MySQL/MariaDB Unicode Issues

TLDR: use utf8mb4 as the character set for tables because utf8 is broken in MySQL.

Recently while attempting to load the Unihan character database into a MySQL database using Django, but I found that I was getting encoding errors. To cut a long story short, it turns out that in MySQL, the character encoding utf8 != utf8!

The long version of the story is that when creating the database, I had used the default “utf8” encoding, thinking that this would enable the full use of unicode. Unfortunately this is not the case, as in MySQL “utf8” does not fully implemnet UTF8.

The solution to this problem is to use the “utf8mb4” encoding instead.

CREATE DATABASE blog CHARACTER SET utf8mb4;

But this is not enough, you also need to inform Django to use utf8mb4 when connecting to MySQL. To do this add the following to Django database options

'OPTIONS': {'charset': 'utf8mb4'},

One more problem happened, I had set the “hanzi” field to be unique but then part way though loading in the data, the script returned a “duplicate entry” error for hanzi field (this was for the 𠀁 character). This is due to the collation settings for MySQL, which sets the rules MySQL uses for comparing characters.

The collation setting I needed is utf8mb4_bin, which compares the bytes of the character.

I did not want to change the collation setting for the whole database, as this could break other things. So I decided to just change that column. This means I needed to create a custom migration in Django. The first step is to create an empty migration.

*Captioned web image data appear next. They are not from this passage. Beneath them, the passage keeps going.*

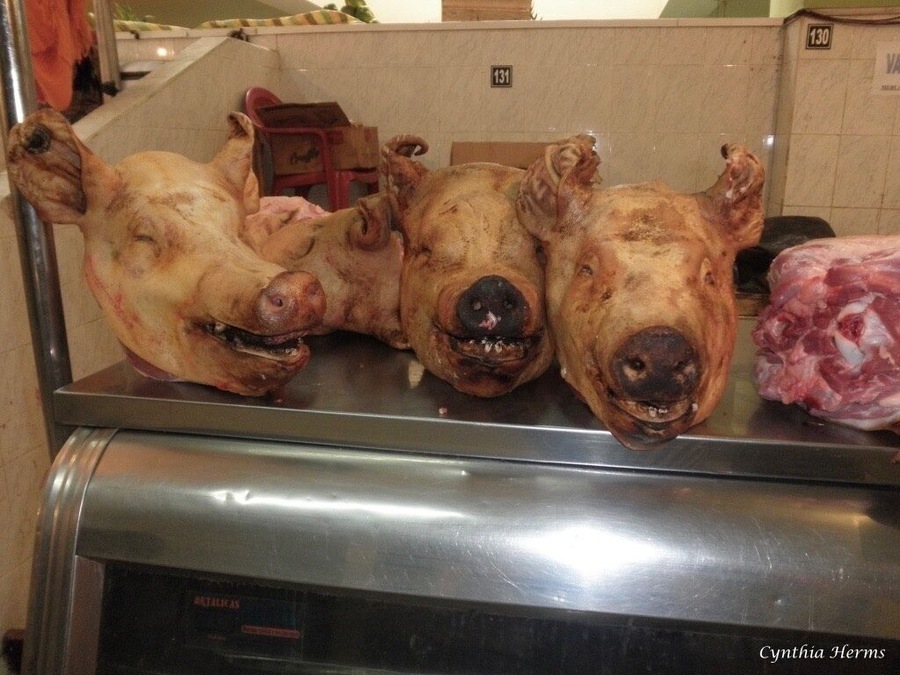 All the little piggies go to market.
The main market in Ibarra. #Ecuador #Ibarra #backpackingthroughEcuador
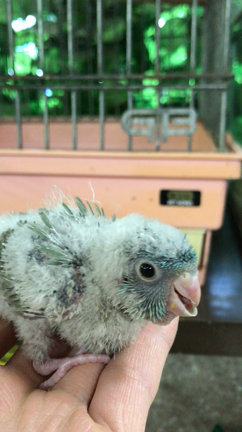 アキクサ、サザナミインコおうちデビューしました！の記事動画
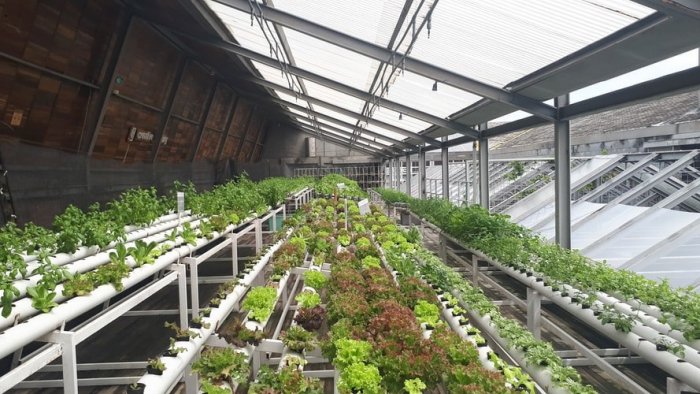 best greenhouse lights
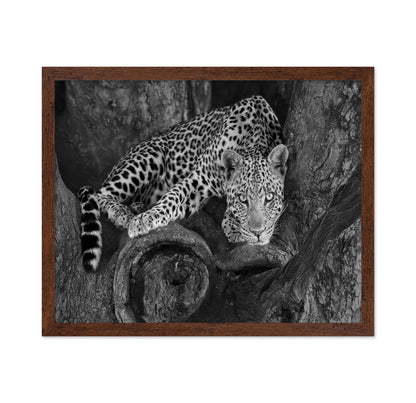 Leopard on A Tree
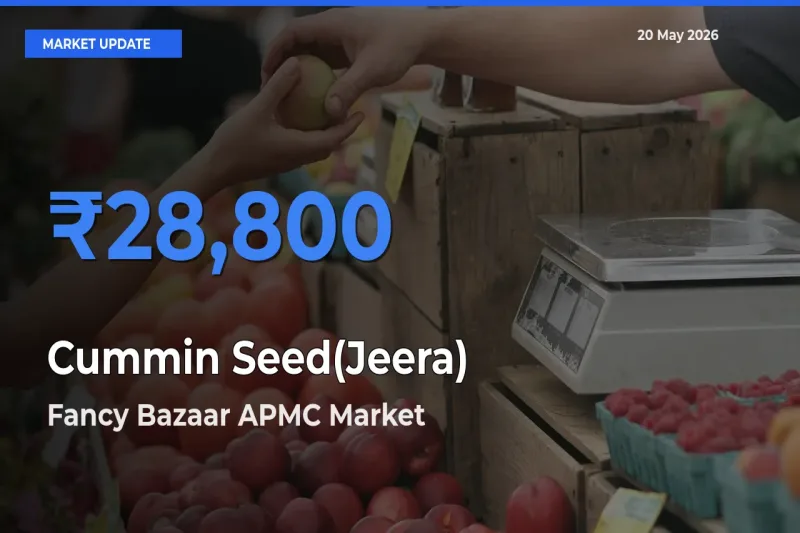 Market Watch: Fancy Bazaar APMC Becomes Top Mandi for Cummin Seed(Jeera)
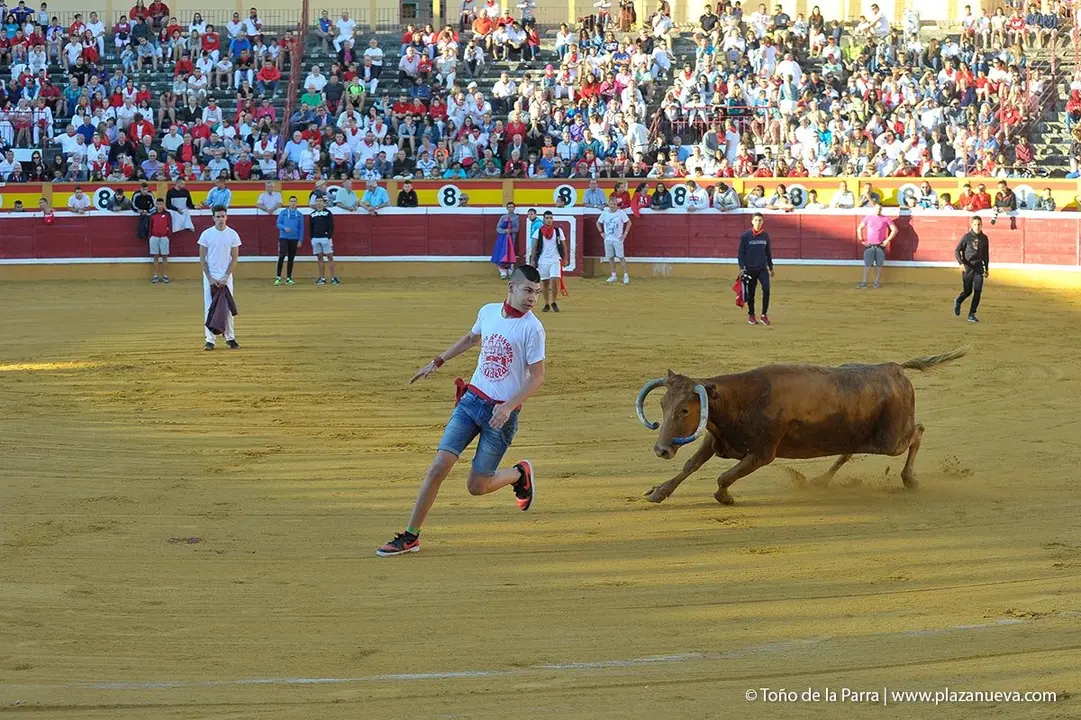 Fiestas de Tudela &rsquo;19, d&iacute;a 29 - Encierro y vacas en la plaza 14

python3 manage.py makemigrations --empty zhongwen

Then add the following code to the list of operations to run for that migration.

migrations.RunSQL(
    'ALTER TABLE `zhongwen_hanzi` CHANGE `hanzi` `hanzi` VARCHAR(1) CHARACTER SET utf8mb4 COLLATE utf8mb4_bin NOT NULL;'
)

Then we can run the migration, and it will change the hanzi field to use utf8mb4_bin for the collation.